At 6:50 AM ET on May 16, we experienced degraded service due to slow responses on the v0/run endpoint. The issue was identified as a bug causing a panic in the Open Telemetry (OTEL) container, called a sidecar, which is what we use for metrics. The bug caused tasks to intermittently fail and be restarted, resulting in slow response times. Once this cause was determined, an engineer manually pinned the OTEL container version to the previous release (v0.28.0). After this update completed, the queued backlog cleared and run times returned to normal. The issue was resolved by 8:15 AM ET.
We use AWS OTEL Collector which is an open source project lead by AWS for sending telemetry data to AWS CloudWatch. We were using the latest version in our cluster task definition. When v0.29.0 released, it introduced a bug which panicked with certain string-valued DynamoDB attributes (see their bug fix here). Whenever our cluster replaced a running task, it picked up the latest version. The issue caused runs to take much longer, however runs didn’t fail, which caused a degradation in response times.
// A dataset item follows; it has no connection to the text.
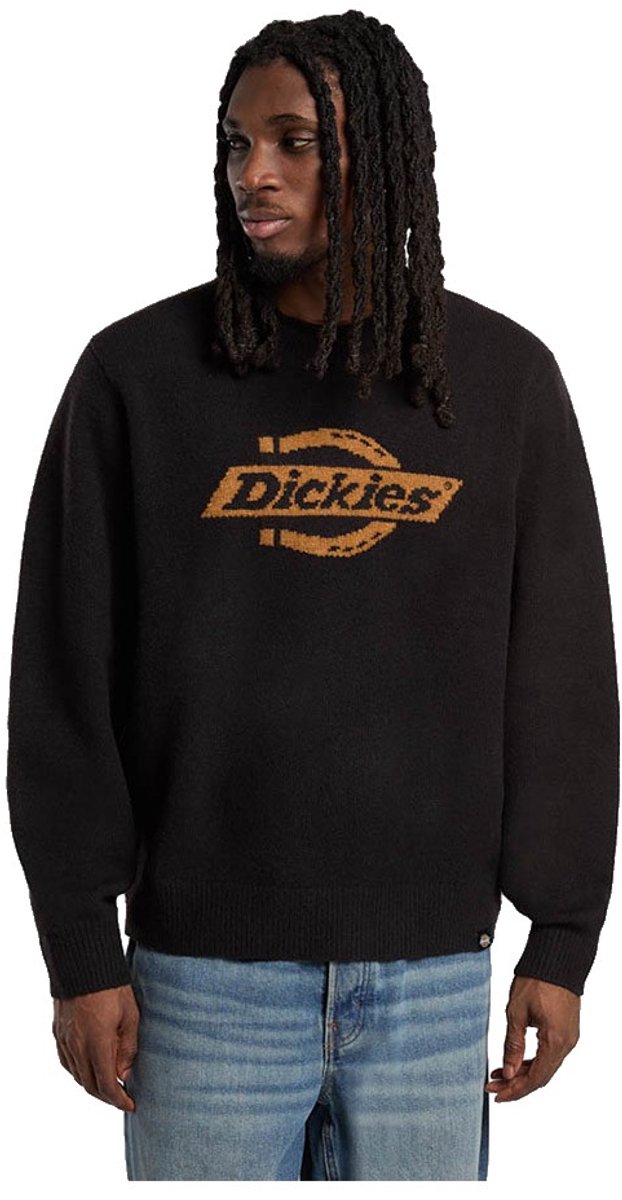 Dickies Ruston Trui M Man Zwart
The version of the OTEL collector was pinned in the task definition to v0.28.0 manually, and the tasks in the cluster were rotated. This cleared the issue and the service began to recover. The cluster cleared in 15 minutes and operations returned to normal. Subsequently we pinned to a specific version in our automation and pushed through our pipeline to prevent future unmanaged updates of the container to production.